I ask the barman who tells me there might be something going on upstairs and points to the mezzanine – “brilliant” I think, “I’ll hear them from down here”.
I realise too late that everyone is having fun without me in a totally separate part of the venue.
Sorry, Antibarrier, I’m sure you were excellent.
I arrive in time to witness the poetry of Kevin P. Gilday.
He opens with a poem that touches upon having a Hitler-esque moustache drawing laughter from the crowd.
His poetry is delivered with a charming Glasgow inflection, which makes this Perthite go weak at the ears.
My favourite of his is ‘To Live and Die in Dennistoun’, a scathing monologue of living and growing up in Glasgow’s East End.
Scornful observations peppered throughout his three minute tirade, Gilday ends it with a sentiment of 75% of Glasgow, “I’d rather be here than the fucking West End”.
His final poem ‘It’s Not Good Enough’, a sort of stick it to the man, don’t settle for what you’re given prose, a reminder that we’re each responsible for what happens in our own lives; it earns a well deserved raucous cheer from the crowd.
The DDN is up next and quite rightly; he doesn’t like the crowd speaking while his dark soundscape echoes round the now fairly packed Old Hairdressers (he made this clear by shooshing us).
Hold on to your hats, folks!
We’re obviously in for a bloody treat.
“Why can I still hear talking…?”
Oh, and again… he really isn’t happy.
Don’t worry though; it’s going to be a belter.
I glance at his t-shirt, “I don’t have friends”, perhaps this is why he’s pissed off.
So after what I assume are some technical problems, what I have on display at the moment is possibly the wankiest, most pretentious thing I have witnessed.
Like something that Chris Morris has invented, The DDN is now dancing around the stage to a hip-hop beat making random yelps.
Throughout his mishmash of bizarreness (during which the crowd is still talking) it sounds like someone’s switched on their hoover… oh wait, he has.
Over this there is more shouting, however not in time with anything.
As a performance piece, maybe The DDN would work but due to our friend, with no friends, looking like he’s just stepped out of the Glasgow Comic Con, it really doesn’t and he is coming across as arrogant.
Topping the bill, we have some good old Scottish post-rock nourishment.
This is my first time witnessing Le Thug although on the strength of their exciting debut EP Ripping, I’m anticipating wonderful things.

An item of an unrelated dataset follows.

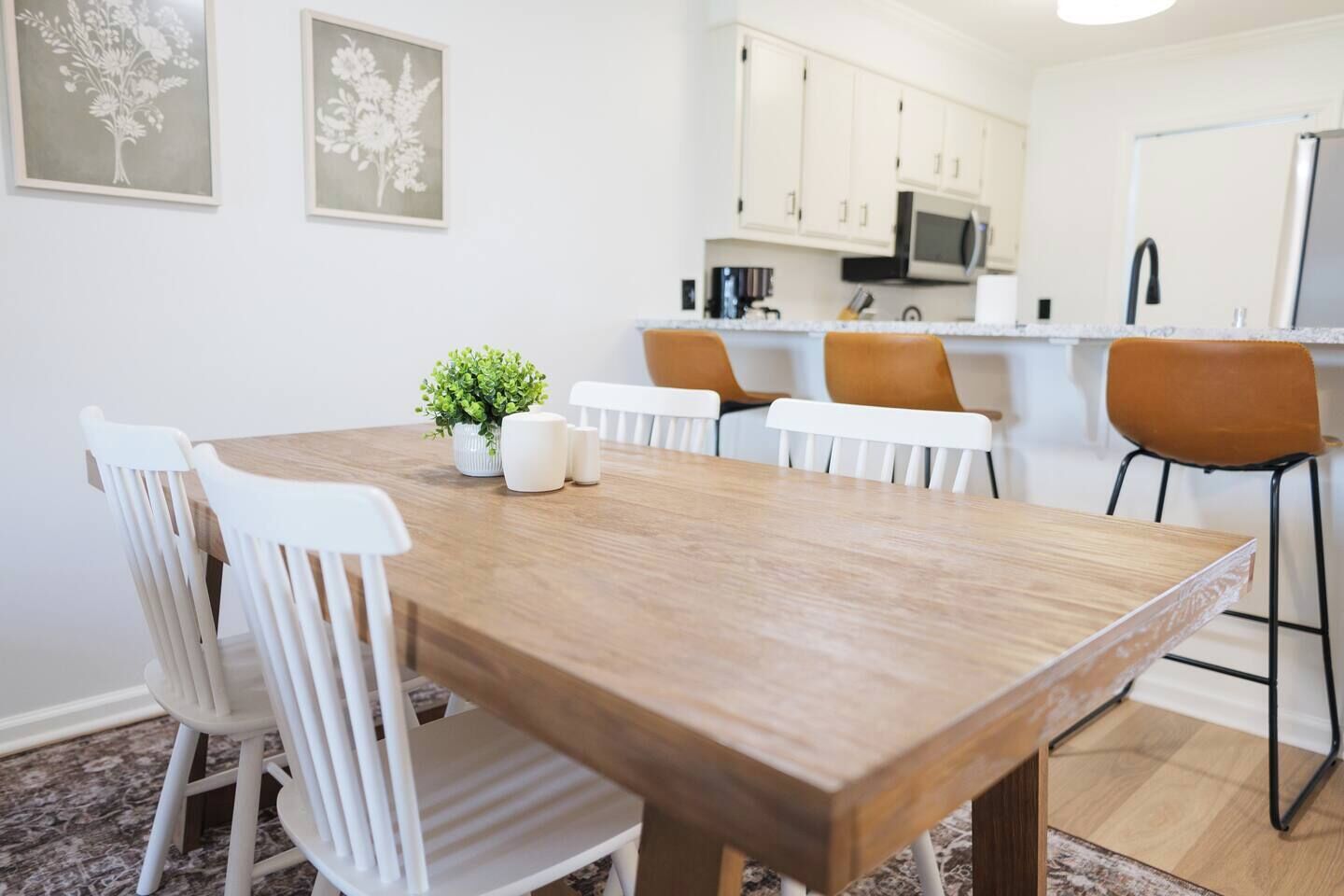 A dining area with a wooden table, white chairs, a small plant, and a kitchen in the background.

The sound they produce is a noisy three-way between My Bloody Valentine, Sigur Ros and Fuck Buttons.
Their rough sounding drone has moments of pleasance and Clio Alexandra MacLellan’s vocals lend the songs a melodic reprieve saving them from becoming white noise.
By no means is Le Thug perfect, some songs linger for a little too long and guitar parts maybe meander off and get lost in some of the turbulence formed in the background.
Having said that they’re doing a good job.
And much like Fuck Buttons supplying London 2012 with an Olympic soundtrack, take heed any Commonwealth committee members out there, I think you’ve got your surprise theme in the making.